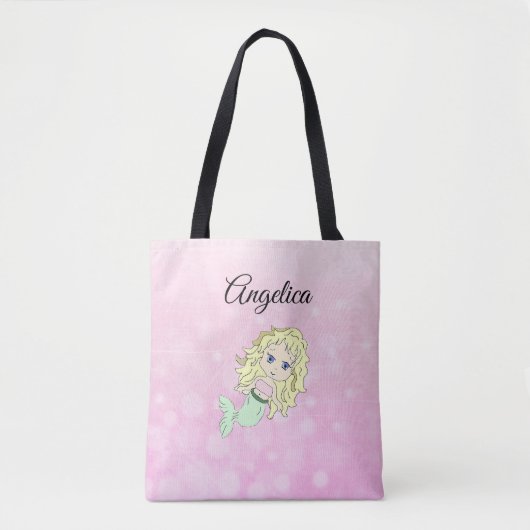Pink Blonde Mermaid Personalisiert Tote Bag Tasche (Vorderseite)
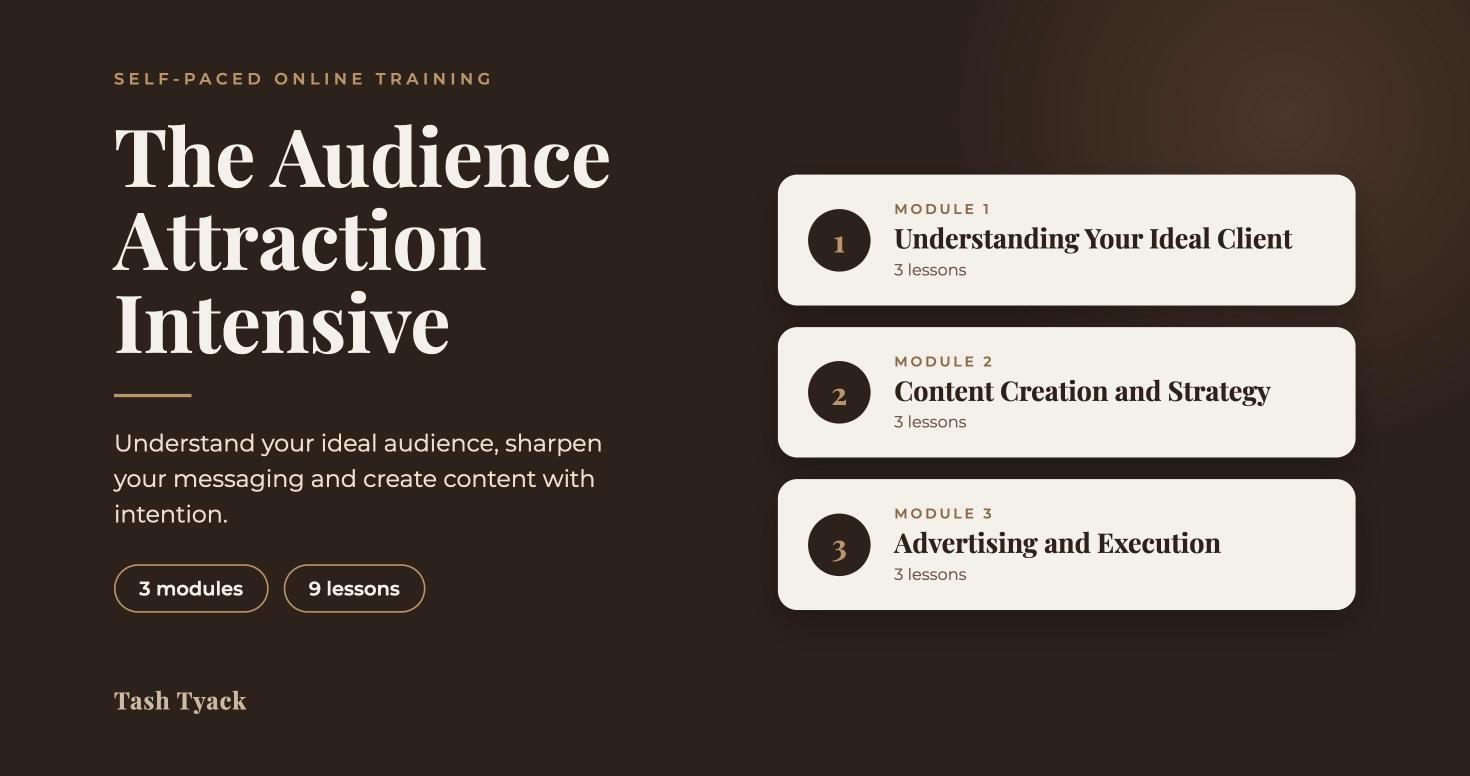 The Audience Attraction Intensive course graphic
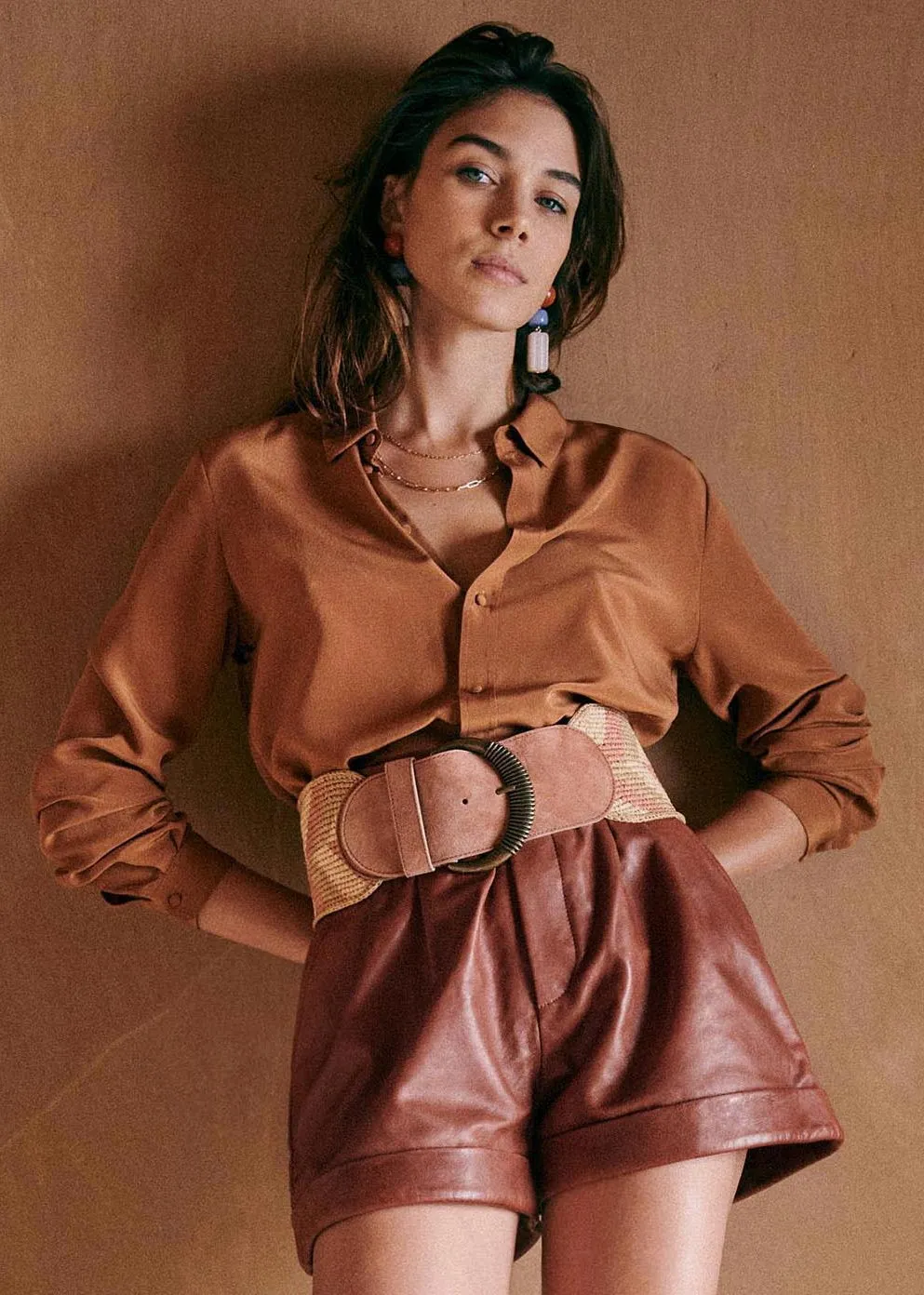 NoNothing | Elegant Coffee Pure Silk Top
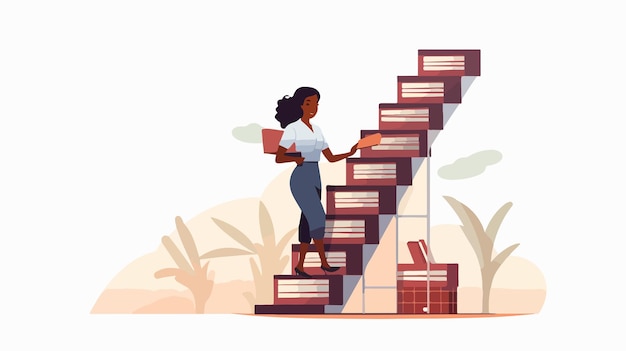 a woman standing on stairs with a book on the bottom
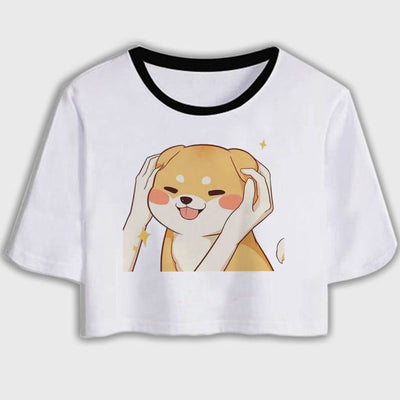 a shiba inu dog with hands embracing design on crop top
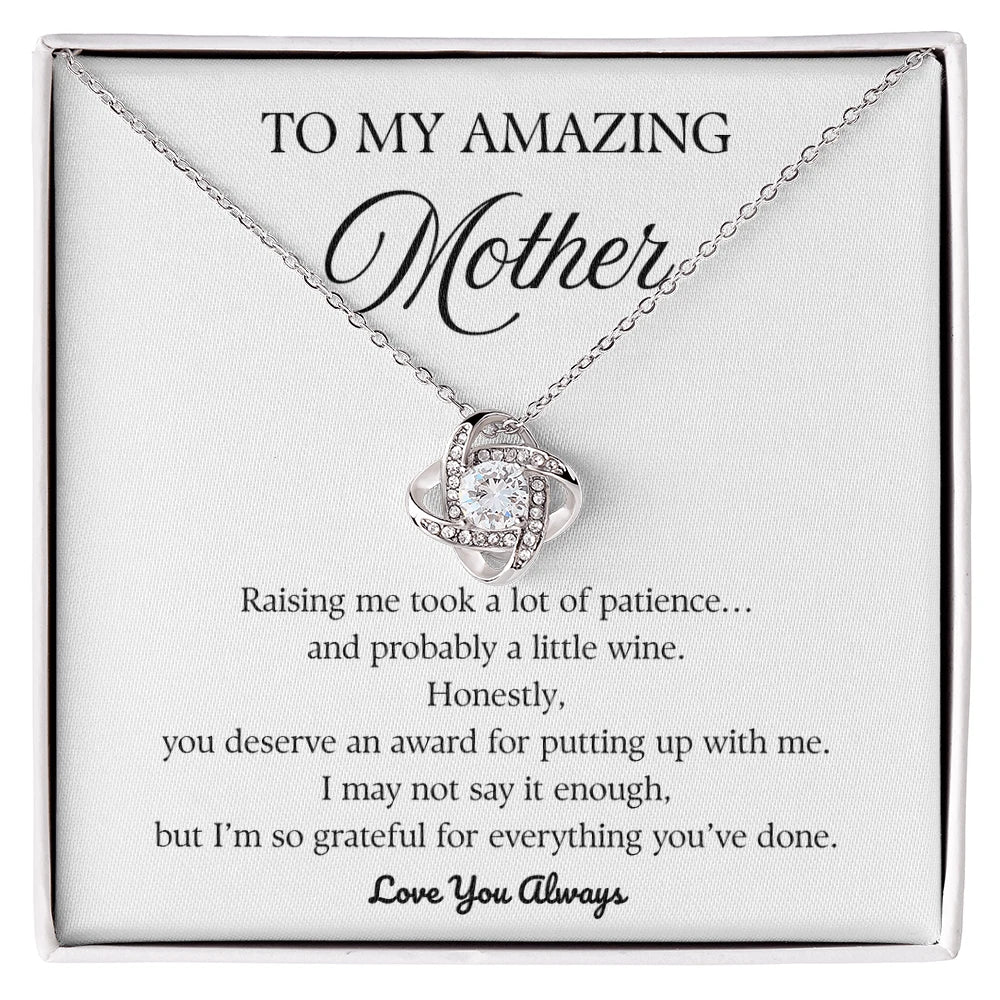 14k White Gold Love Knot Necklace for Mother So Grateful Message Card Jewelry Mother's Day Gift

== == ==

→ Work instruction
Starting from the line containing "NoNothing | Elegant Coffee Pure Silk Top", repeat each line exactly through the end of the entries, including the last, while leaving pictures out.

→ Answer section
 NoNothing | Elegant Coffee Pure Silk Top
 a woman standing on stairs with a book on the bottom
 a shiba inu dog with hands embracing design on crop top
 14k White Gold Love Knot Necklace for Mother So Grateful Message Card Jewelry Mother's Day Gift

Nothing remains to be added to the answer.